* _WORK TO COMPLETE_
Your response should be an exact transcription of the data, images excluded.

##### STORED DATA #####

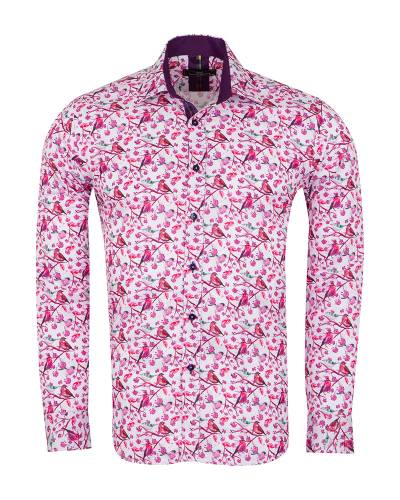 MAKROM - Printed Long Sleeved Mens Shirt SL 7361 (Thumbnail - )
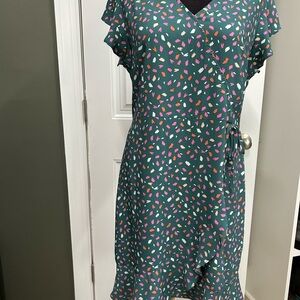 LOFT Blue Ruffled Wrap Sundress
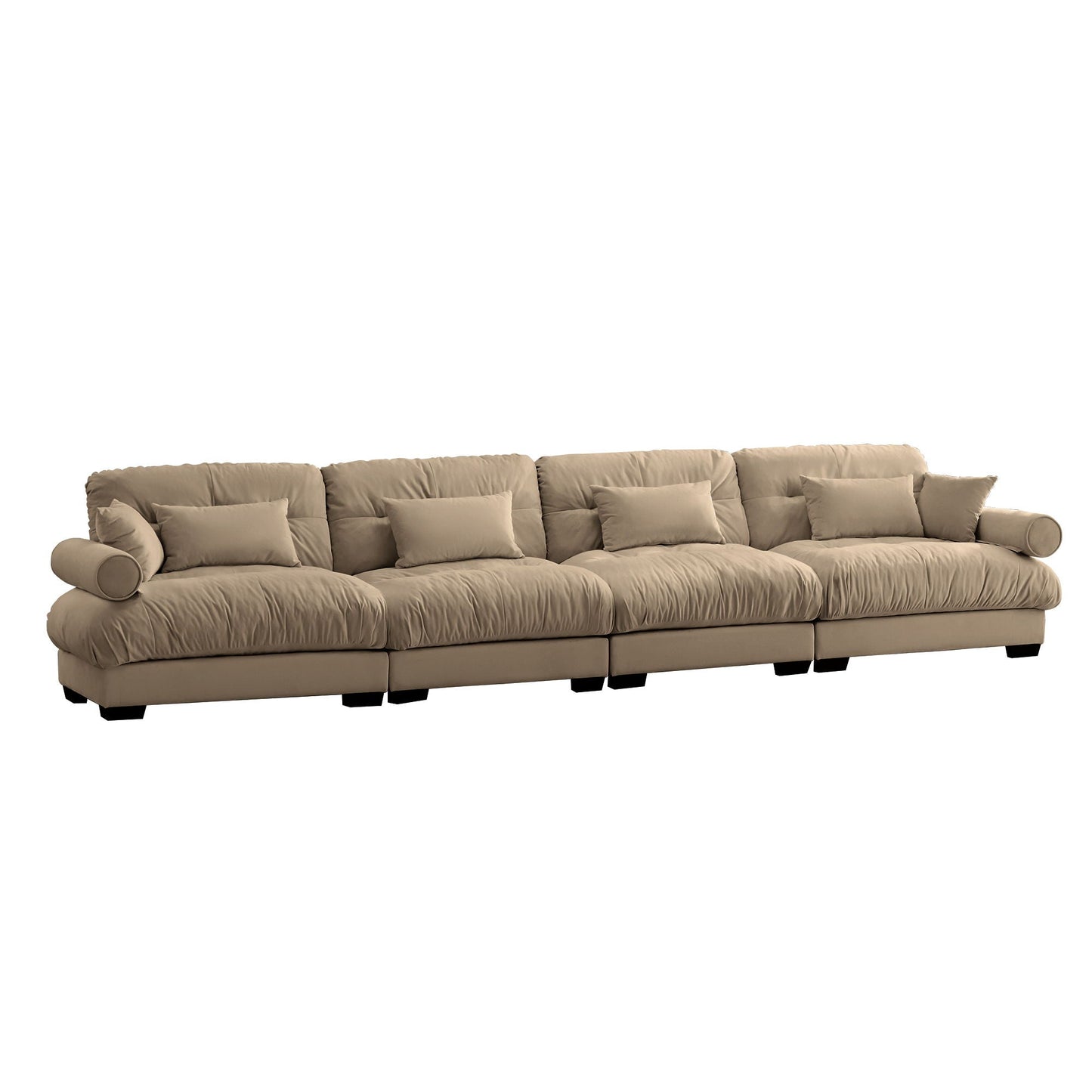 Super Comfort Oversized Modular Sectional Sofa, beige fabric upholstery, 3-seat configuration on Tampa Home & Garden Store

#####

* _RESPONSE BELOW_
 MAKROM - Printed Long Sleeved Mens Shirt SL 7361 (Thumbnail - )
 LOFT Blue Ruffled Wrap Sundress
 Super Comfort Oversized Modular Sectional Sofa, beige fabric upholstery, 3-seat configuration on Tampa Home & Garden Store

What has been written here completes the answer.